On top of the drop cloth goes the equipment for diving. Boxes filled with the normal stuff: mask, fins, air tank… but also the buoyancy jacket, lots of weights, and of course the neoprene… yes, the gloves, hood, and the body suit. Uh Huh… a load of crap!

Usually by now we are getting looks from the other sunbathers. We sit down for a few minutes to rest from carrying all of the heavy equipment and take in the scenery. The Germans love their lakes, and this lake is a nice one. The kids are playing in the water so we know that must be relatively warm, but once you don a suit and get down a few meters, the water gets cold quickly. On this day the surface temperature was 18 and at six meters it was 11. (surface temp 64f. 20 feet down it was 52f.) Just a bit cold for someone that wants to stay down a while and observe things.

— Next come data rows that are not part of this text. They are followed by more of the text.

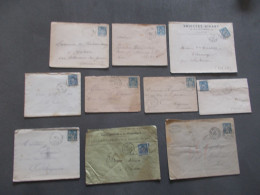 LOT  D'ENVELOPPES.TIMBRE SAGE 15 CENTIMES BLEU.POUR ETUDE.CACHETS DIVERS. - 1876-1898 Sage (Type II)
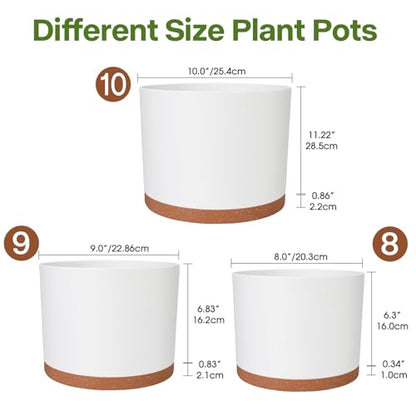 GARDIFE 3 Pack Cylinder Planter Set 10/9/8 Inch White Indoor Plant Pots - color: White-brown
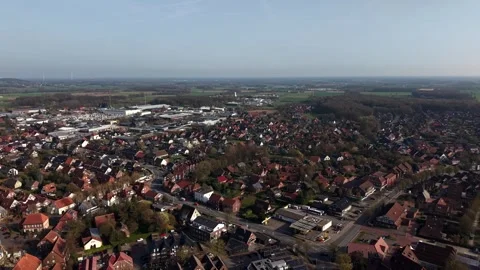 German town with red tile rooftops and residential neighborhoods during sunny Stock Footage 331986493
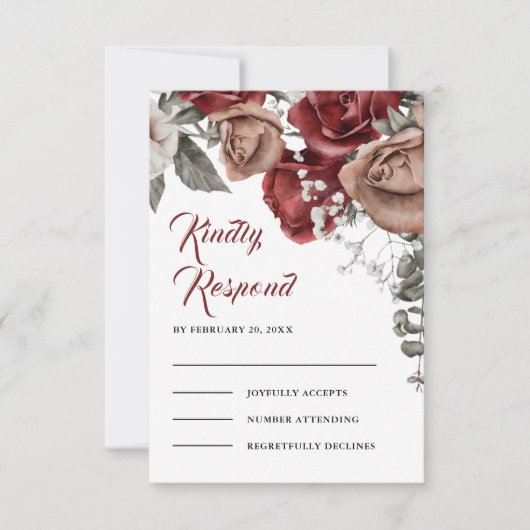 Bordeauxrode Rozen Bloem Bruiloft RSVP Kaartje (Voorkant)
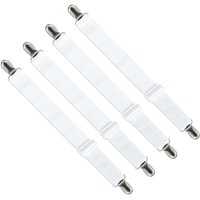Verstellbarer Spannbettlakenspanner (65 cm bis 200 cm), verstellbarer Haltegurtverschluss für Bettlaken, Sofa, Bügelbrettbezug (weiß, 4er-Pack) von ALOVEZ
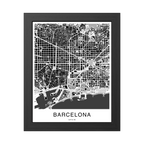 Barcelona Map Print (Charcoal Series)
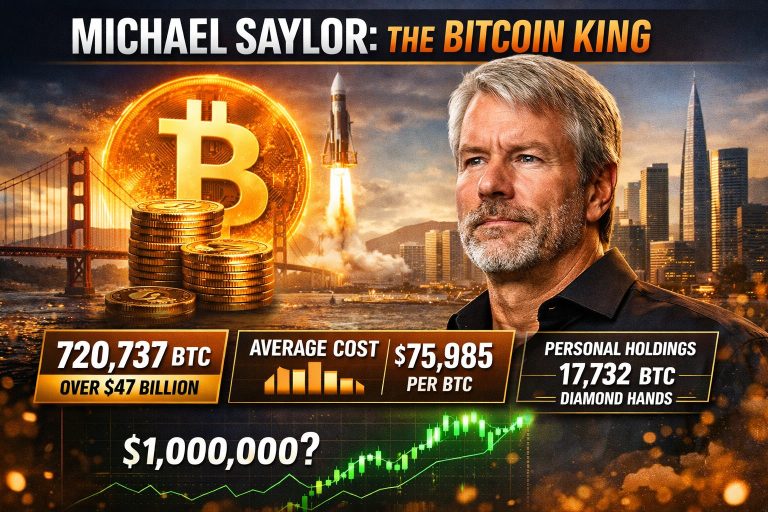 Michael Saylor presenting at a 2026 Bitcoin conference about corporate treasury strategy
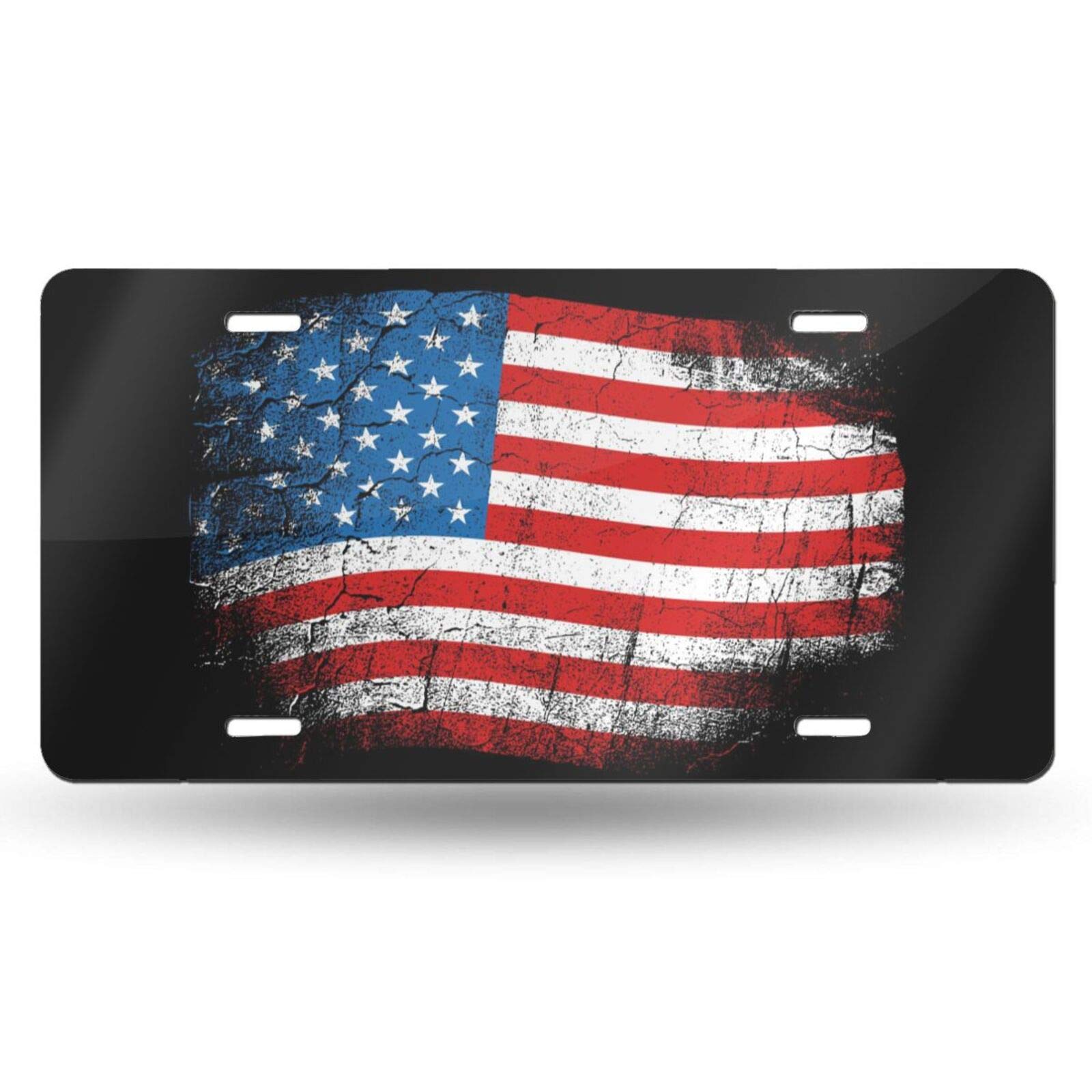 USA Flag License Plate - 6x12 Inch Decorative Aluminum Vanity Tag for Cars, Trucks & SUVs | Patriotic Front Plate for Men, Women & Kids | Perfect for 4th of July, Veterans Day & Car Shows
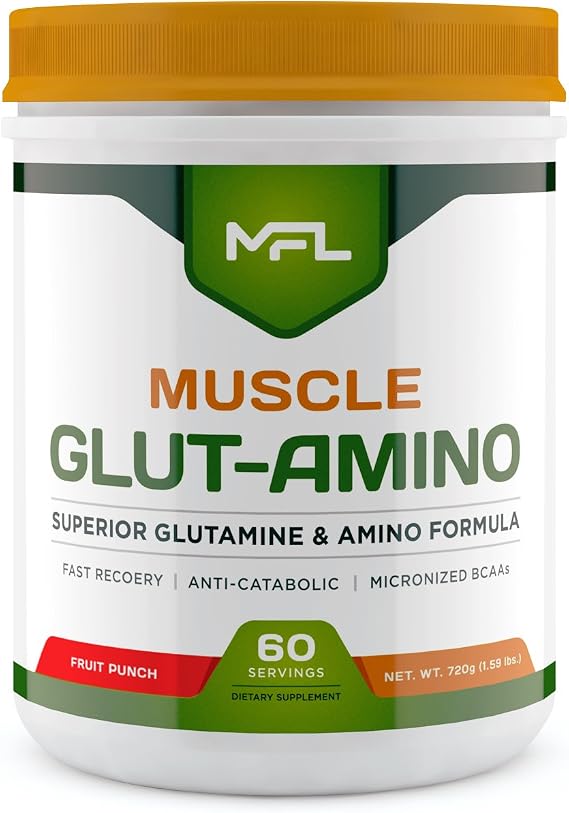 MFL Muscle Glut-Amino | Glutamine Complex | Amino Complex | 0 Sugar | Sweetened with Stevia | All-Natural | 60 Servings (Fruit Punch)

N.’s dive buddy is an Open Water Scuba Instructor as well… in fact they went through the training together. So they of course have ALL the cool gear and love to chat about it. I on the other hand just want to see fish and really don’t get excited about their really cool new dive watch computers or the new ice-resistant air regulators. They talk for a bit but it is easy to see they are itching to get into the water, which they do in short time.

They have a nice dive and come back out of the water with huge smiles on their faces. When I ask the all-important question for me… “What kind of fish did you see?” They both shake their heads and one of them tells me that they saw only one fish. This may have more to do with the flurry of swimming activity all around than anything. But as I mentioned, they don’t do it for the fish. For them it is a sort of a zen thing I think, but I really can’t get into their heads for that kind of understanding.

The girls in the picture below are wearing dry suits which usually means that the water doesn’t get inside the suit. In cold temperatures this keeps you much warmer.

As they come out of the water there is always interest from the sunbathers and especially from the children. Usually they are gawking but good. Of course our little group of divers is not alone. There are two other dive groups going into and out of the water, and the German sunbathers are well accustomed to seeing the strange creatures in black emerge from the water dripping and staggering clumsily under the weight of the heavy (sometimes as much as 30kg – 66lbs). It is still rather impressive to see all of the strange and alien-like equipment we carry and people can’t help looking.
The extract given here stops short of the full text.